North Korean leader Kim Jong Un has reportedly called K-pop, a music genre originating in South Korea, a "vicious cancer" corrupting the country's youth, according to the New York Times.
In recent months, Kim Jong Un and North Korean state media have been rallying against South Korean pop culture, including movies, K-dramas and K-pop videos. The North's state media has warned that K-pop's growing influence, which it calls "anti-socialist and nonsocialist", on youth would make North Korea "crumble like a damp wall."
The two neighbouring countries of the Korean peninsula have often used loudspeakers in the demilitarised zone along the border as propaganda machinery. Last year, inter-Korean relations took a major hit after North Korean defectors started floating leaflets to criticise Kim Jong Un's regime over human rights violations and nuclear ambitions. North Korea destroyed the inter-Korean liaison office and cut all communication lines with South Korea.
Kim has now apparently declared a culture war against South Korea as the North Korean leader believes the popular culture of the South is corrupting the "attire, hairstyles, speeches, behaviours" of the country's youth.
"Young North Koreans think they owe nothing to Kim Jong Un," Times quoted Jung Gwang-il, a defector who runs a network that smuggles K-pop into North Korea, as saying.

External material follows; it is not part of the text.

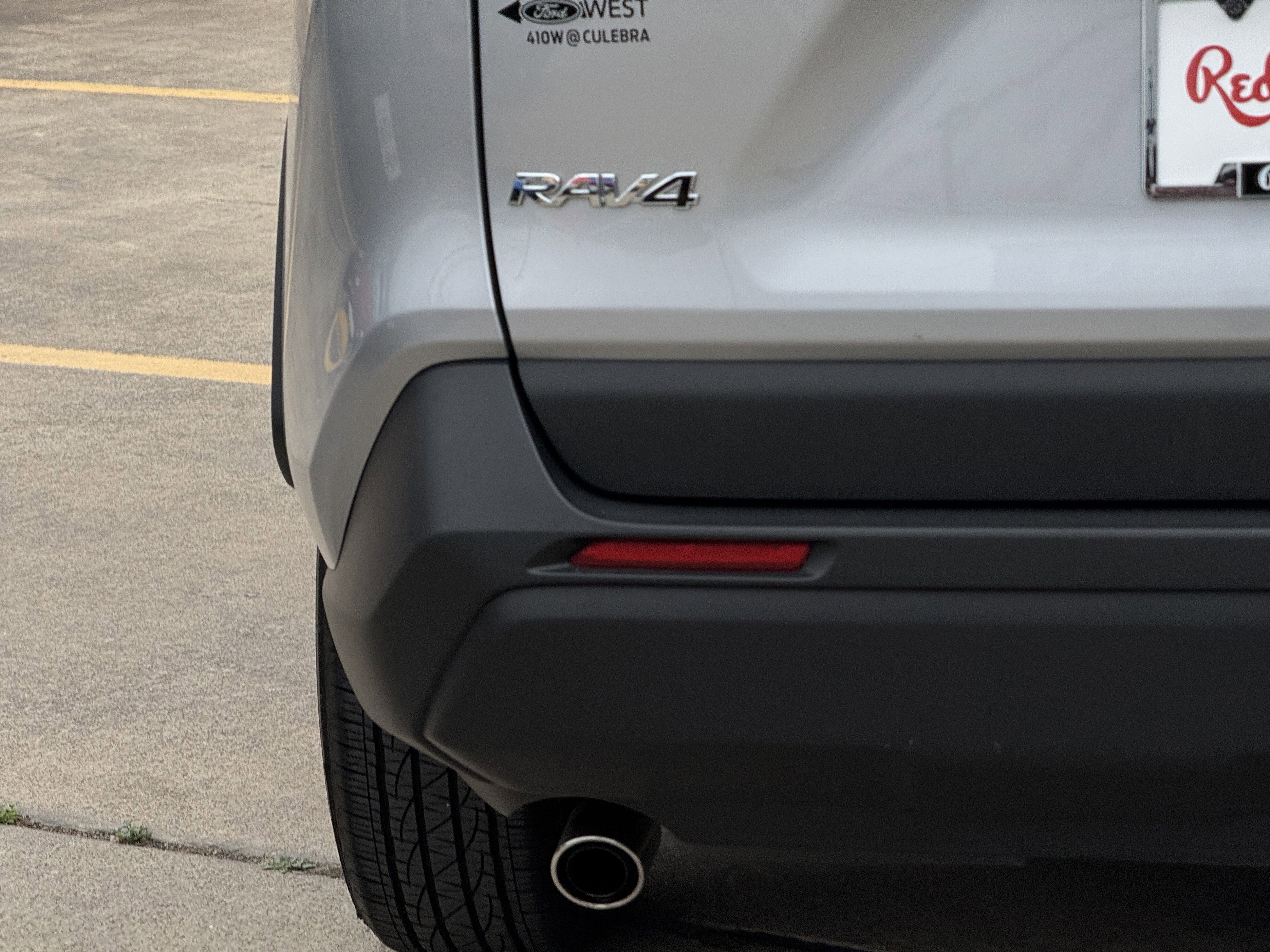 Used 2025 Toyota RAV4 LE image 8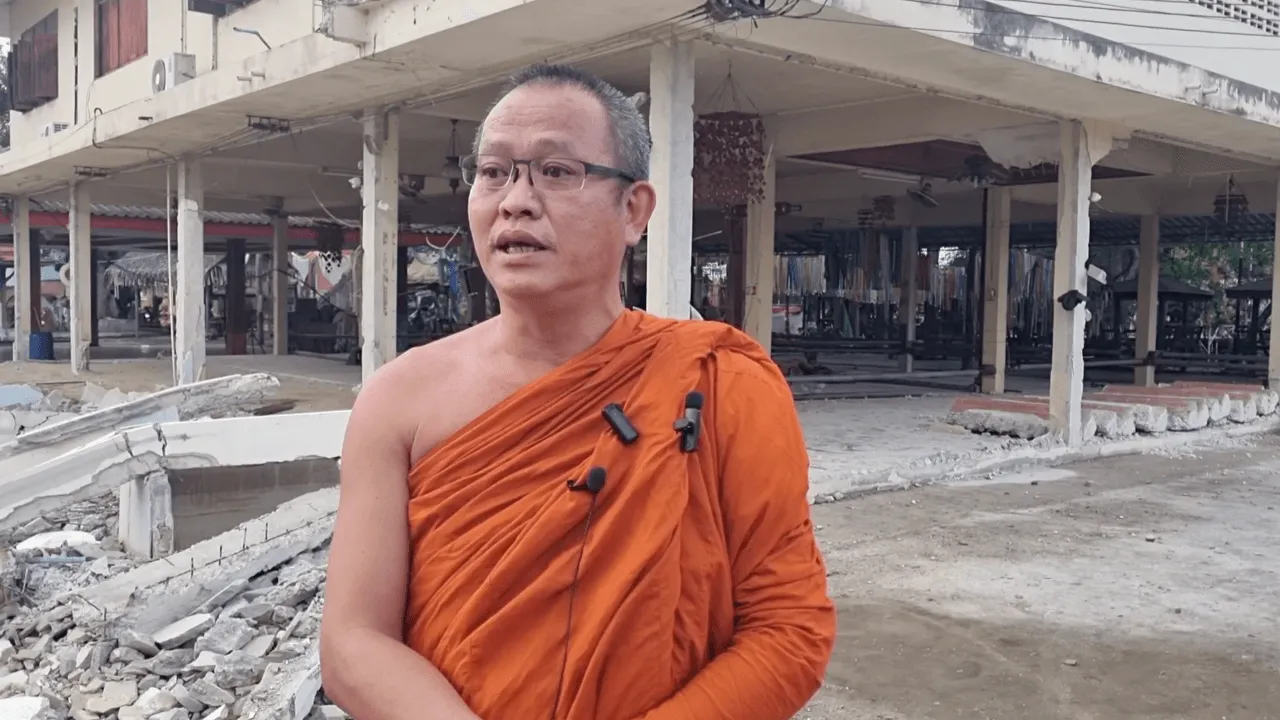 ฮือฮา! พบไหโบราณใต้ฐานพระ วัดโขลงสุวรรณคีรี บรรจุพระสมเด็จกว่า 600 องค์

"He must reassert his ideological control on the young if he doesn't want to lose the foundation for the future of his family's dynastic rule," Jung reportedly added.
The family of Kim Jong Un, who took over the reins after his father's demise in 2011, has ruled North Korea for three generations. During a famine in the late 1990s, North Korean families purchased food from unofficial markets that smuggled goods from China, including tapes and CDs with South Korean entertainment. Times report suggests that young North Koreans now watch South Korean entertainment, smuggled on flash drives from China, behind closed doors and draped windows.
The war against K-pop comes years after the North Korean leader was "deeply moved", as reported by North Korean state news agency KCNA, following a two-hour performance by South Korean artists. In 2018, a 160-person delegation from South Korea, including the K-pop group Red Velvet and Cho Yong Pil, visited the North. Kim attended a performance in Pyongyang by South Korean artists and was "particularly interested" in Red Velvet, a K-pop girl group, the publicly funded South Korean broadcaster KBS reported.